Life at oldage is quite enjoyable

His numerous fans call him gentleman. But his name is Mike Ejeagha. He is a folklore musician known for his story telling prowess, using music. Infact, it is a slang among the Igbos to say Akuko n’egwu Mike Ejeagha to a story teller.

His musical career started 56 years ago as he watched two guitar players around his compound at the coal camp Enugu in addition to paying attention to anything musical.

As he learnt the guitar, he was also playing other music. But having observed that singing in the native dialect could give him a better identity, he vowed to write and sing using Igbo lyrics. Afterall, his counterparts such as Ebenezer Obey,Victor Uwaifo among others did a similar thing.

With this resolve and the style he adopted, he succeeded in carving a niche for himself as a story teller-musician. His hit came in 1960- the year Nigeria got its independence. This septuagenarian folklorist who says story telling has established his life and developed Akuko n’egwu.

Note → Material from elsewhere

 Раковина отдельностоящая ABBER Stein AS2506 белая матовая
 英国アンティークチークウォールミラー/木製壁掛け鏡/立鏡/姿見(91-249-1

He combines research with his mastery of the guitar to tell his stories full of proverbs and didactic messages. He tells Daily Sun reasons why he would continue playing music all his life:

I am Mike Ejeagha. I hail from Imezi Owa, Eziagu Local Government of Enugu State. People call me Gentleman. I do not know how I came about the name. Perhaps it could be the way I behave. I mean my attitude towards people. I was born in August, 1932.

How I started
I started when I was very young. That was when I completed my elementary school education in 1948. I have some friends and when we were growing up we had the Ogene group. During Christmas, we usually went round to play for people.

Within coal camp, there were two men who used to play the guitar. One was the late Moses Aduba, popularly known as Moscow, he was from Onitsha. The other was Cyprian Uzochiawa from Oye.

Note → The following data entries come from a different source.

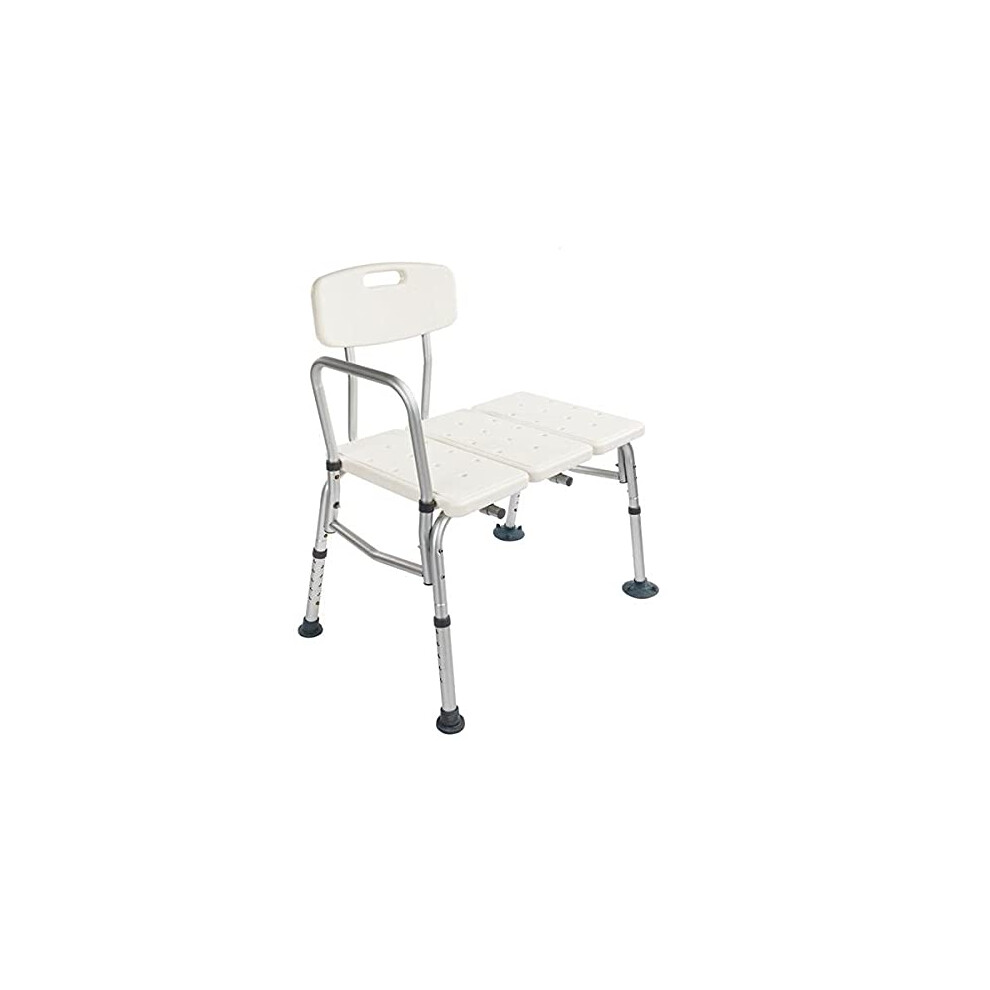 Adjustable Aluminum Shower Chair for Elderly with Reversible Transfer Bench, NonSlip Seat and Back Support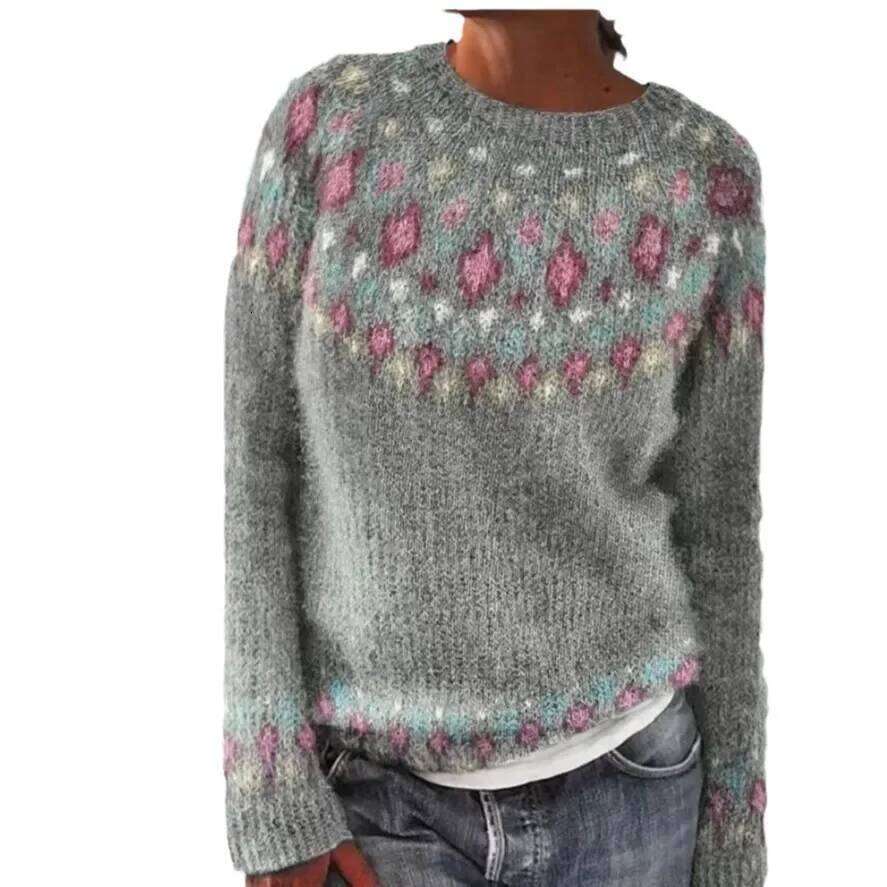 2025 Spring Knitted Women Sweater Print O-Neck Long Sleeve Casual Loose Sweaters Female Winter Elegant Trendy Ladies Clothes
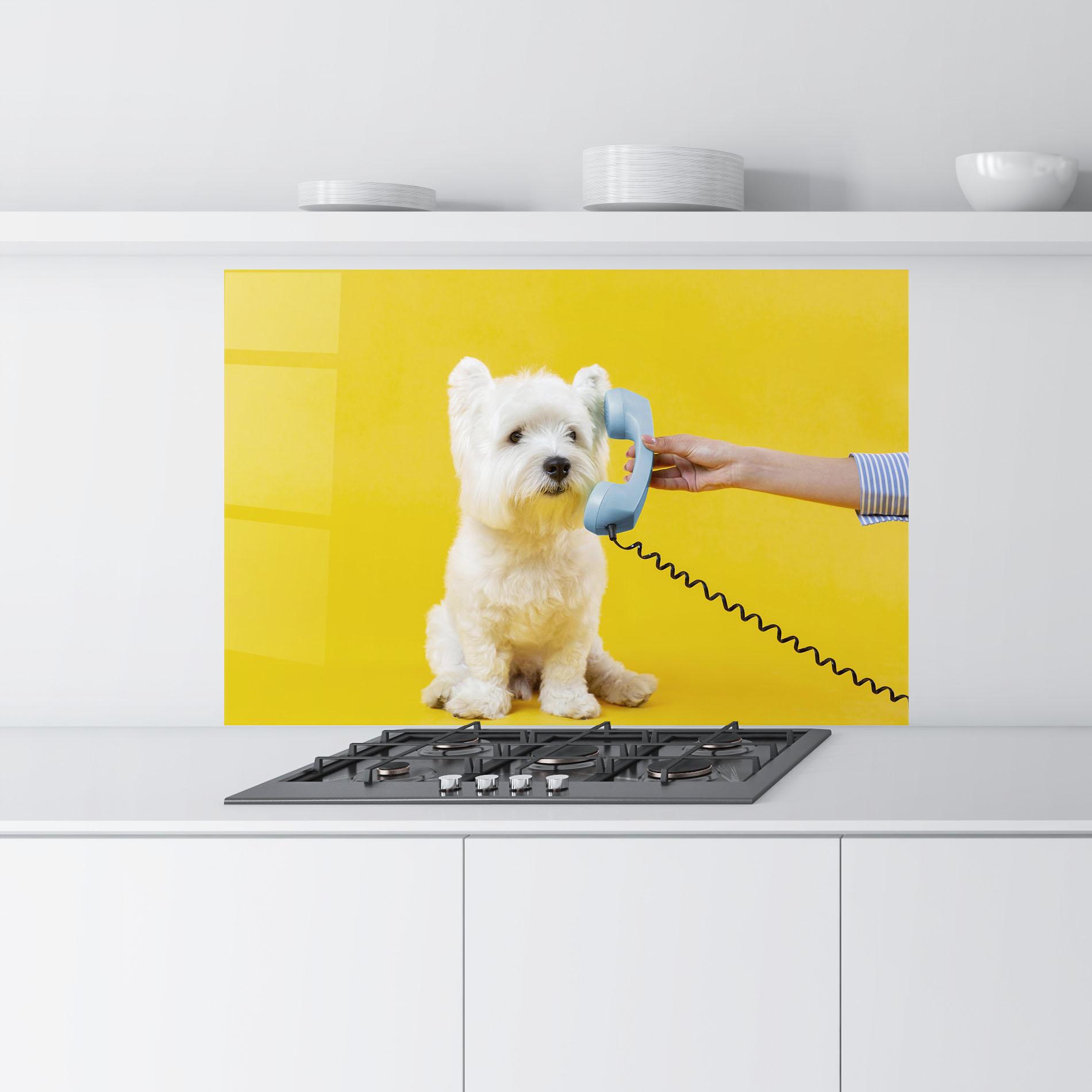 Panou Sticla Bucatarie Cute Little Dog mockup 9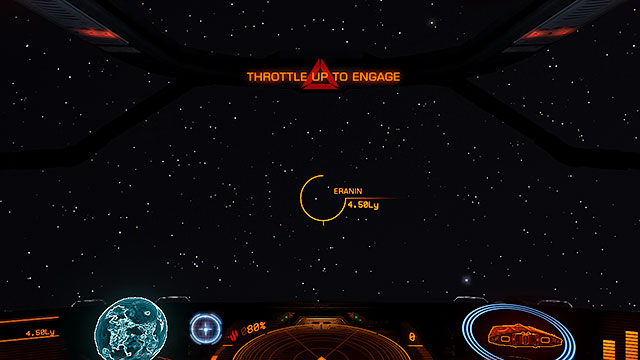 When the ships position will be alright, the screen will show the notice throttle up to engage - Frame Shift Drive - Travelling - Elite: Dangerous - Game Guide and Walkthrough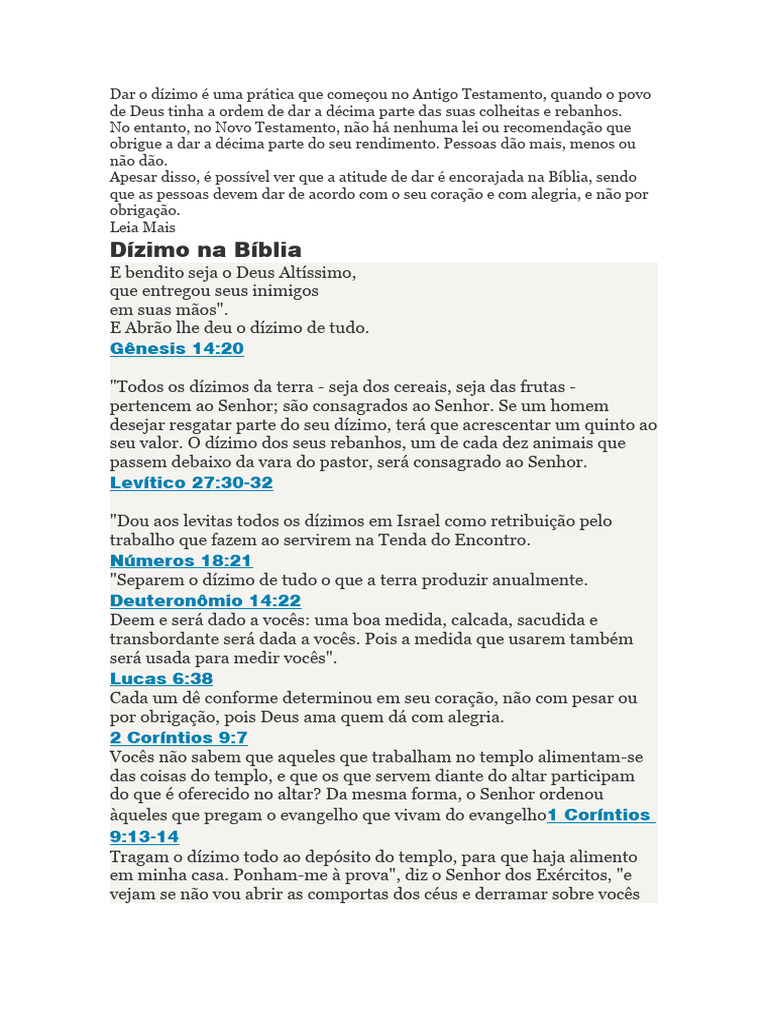 Dízimo na Bíblia: Práticas e Ensinamentos | PDF | Dízimo | Textos ...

Moscow was living in our compound, while Cyprian came every evening for them to play guitar and sing. As they played, I sat beside them watching the way the y play the guitar and how they sang the music. I got interested in all they were doing.

I was also interested in anything relating to music. All these heightened my love for music and I started handling the guitar . Besides, I was told that my mother was very much inclined to singing when she was young.

Forming my group
I made all efforts to learn how to play the guitar . The moment I was sure I could play it well, I formed a group called Mike Ejeagha and Merry-makers. In 1950, the late Atu Ona, then Controller of the Nigerian Broadcasting Service (NBS) invited me for audition.

Later he gave me a programme titled Guitar Playtime. Then I started playing for the radio and producing musical programmes. I later formed a bigger group known as Premier Dance Band. Before these groups, I was playing with a band called Paradise Rhythm Orchestra owned by a hotelier.

My late wife
In 1963, I lost my first wife and in 1964 I waxed an album in her memory. I re-married in 1966. I have many children– 10 of them– but one of them died last year. I have been recording my albums under Premier Music Ltd, Polygram Label. When they left the country, another group took over the company.

Civil war
During the civil war, I disbanded my group and continued my programme with Radio Nigeria. The new programme was entitled Igbo Play. I had to disband the band because of the war situation, which made people think of survival than listening to music.

We left Enugu and moved over to Umuahia. I was there till the end of the war. But I was going round playing for soldiers. After the war in 1970, I formed a new band in 1974.

Being a guitarist
Guitar is a very difficult musical instrument to handle. But if you have the love and the interest for playing it, you can do it. All it requires is creating time for the training. My own style is different from the way young boys of nowadays play. I started before the age of 20.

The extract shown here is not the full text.